Open anoopsarkar opened 10 years ago
we should also be crawling the lists of lists on Wikipedia, e.g.
I have not still figured out how to use the artile "selected anniversaries articles" http://en.wikipedia.org/wiki/Category:Selected_anniversaries_articles
but I noticed that this article has a link to all historical anniversaries for all days of a year: http://en.wikipedia.org/wiki/List_of_historical_anniversaries
for example "June 6": http://en.wikipedia.org/wiki/June_6
it has a complete list of events happend on "June 6" (a super set of selected events in the article you have mentioned above http://en.wikipedia.org/wiki/Wikipedia:Selected_anniversaries/June_6?oldid=366403568)
It is interseting that some of these events has not been mentioned in the year articles. for example:
these events can be added to events crawled from year articles. but we still need to find a way to avoid overlaps, for example "Gustav Vasa" on June 6 has been mentioned in both year and day articles:
http://en.wikipedia.org/wiki/1523 June 6 – Gustav Vasa is elected king of Sweden, finally establishing its full independence from Denmark, marking the end of the Kalmar Union.
http://en.wikipedia.org/wiki/June_6 1523 – Gustav Vasa, the Swedish regent, is elected King of Sweden, marking a symbolic end to the Kalmar Union. This is the Swedish national day.
I would say don't worry about overlaps. Just include duplicates into the data for now. The examples you mention above are not quite identical anyway. As we expand the data we will see the same event multiple times and that is ok I think.
if you go to the main English Wikipedia page, you will see on the lower right part of the screen a section called "On this day ..."

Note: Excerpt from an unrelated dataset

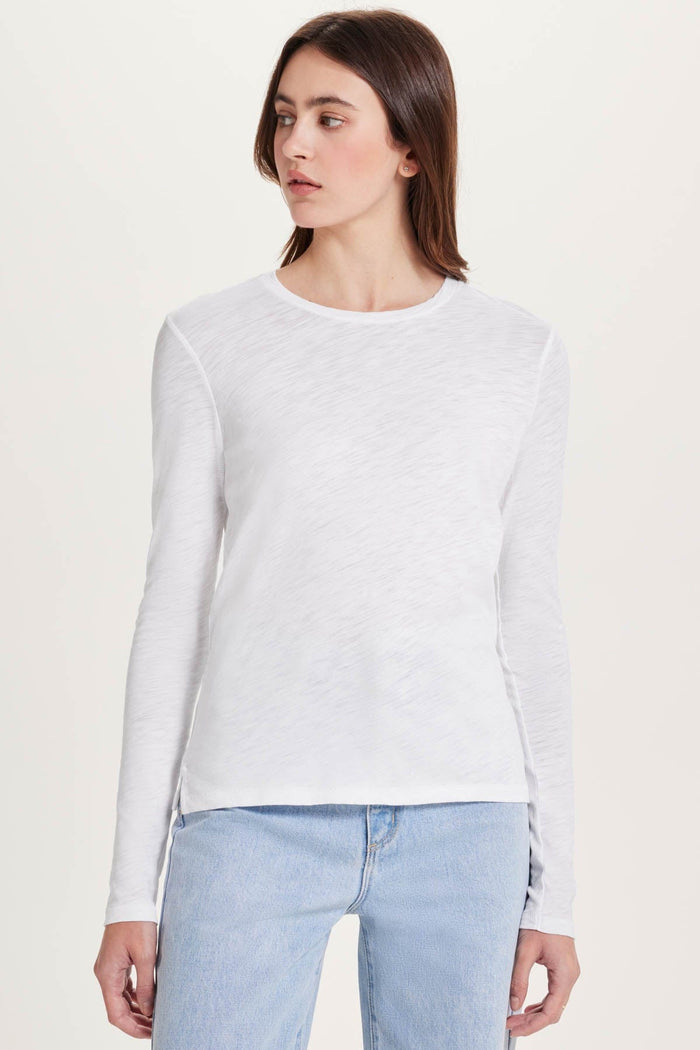 Signature Slub Long Sleeve Boy Tee - Goldie LeWinter #color_white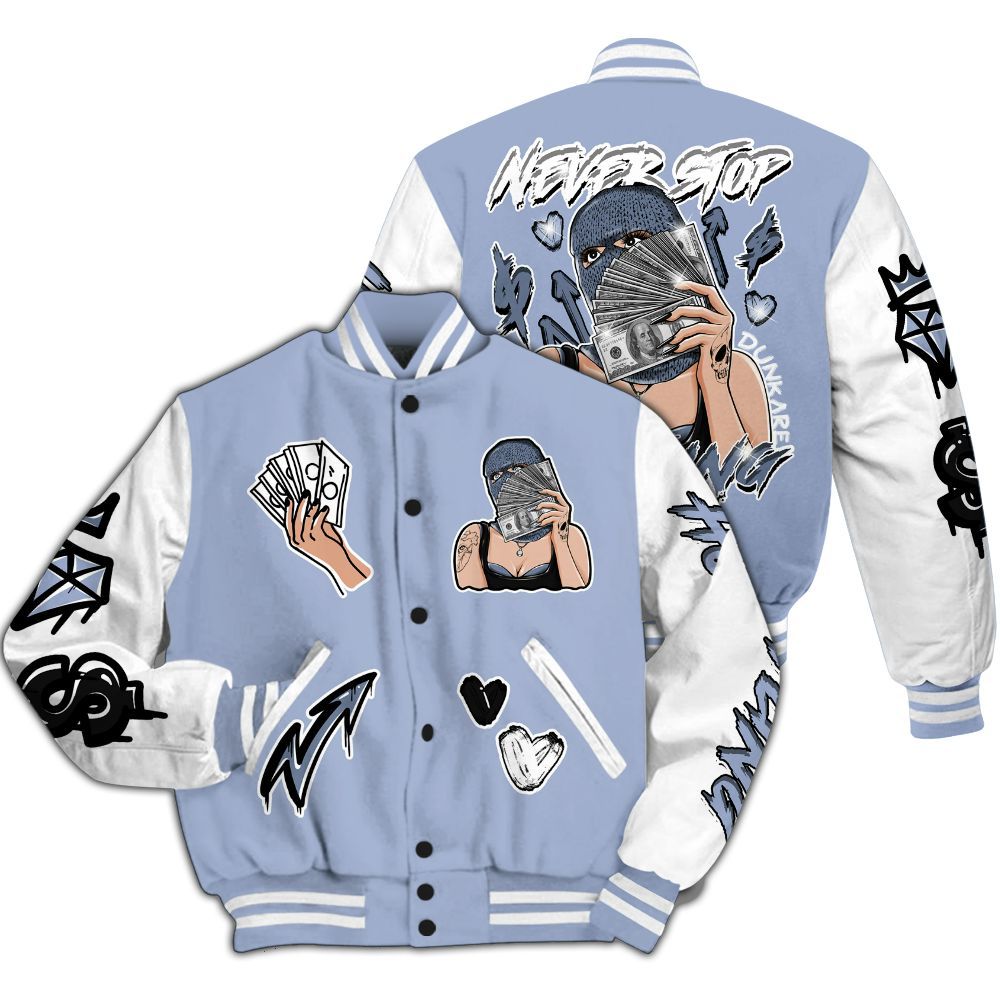 Varsity Jacket To Match Retro Blue Grey 13s - Hustling Unique All Over Print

This section and the archive associated with it, contains historical information about each day in history. Note that this gives us a date as well as year. It also has some links in bold, signifying the topic of that event. This could be useful as training data. It also links to the page for each year (that we have been crawling already).
A few clicks from the above archive you get this:
http://en.wikipedia.org/wiki/Category:Selected_anniversaries_articles
which leads to many pages which have the year as part of the title. it seems that we could crawl pages with the year in the title in order to augment our data. The first paragraph on this page would be a good summary of the article.
http://en.wikipedia.org/wiki/1982_British_Army_Gazelle_friendly_fire_incident
We can also generalize to any article with 'Date' in the infobox, and 'Location' as well. The article itself might contain lat-long as the above one does.
In the following page:
http://en.wikipedia.org/wiki/Wikipedia:Selected_anniversaries/June_6?oldid=366403568
notice that the link to the above article is in bold face, "friendly fire incident".
Perhaps we can extend our data gathering by including the above sources of information.